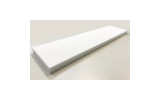 Absorber aus Basotect® Schaumstoff 100cm x 25cm x 4cm, weiss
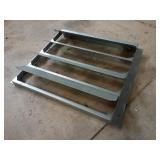 Galvanized Steel Louvered Vent 19.5x16.5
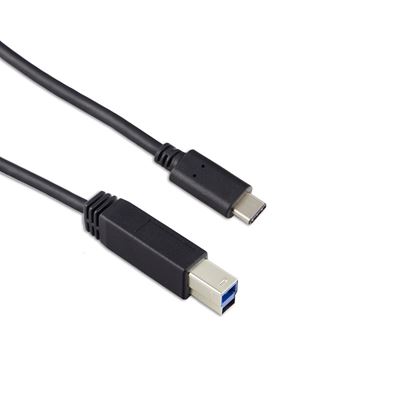 USB-C To USB-B 3.1 Gen2 10Gbps (1m Cable 3A) - Black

> Exercise: Pictures aside, give the data again exactly as it appears.

> Task solution:
 Absorber aus Basotect® Schaumstoff 100cm x 25cm x 4cm, weiss
 Galvanized Steel Louvered Vent 19.5x16.5
 USB-C To USB-B 3.1 Gen2 10Gbps (1m Cable 3A) - Black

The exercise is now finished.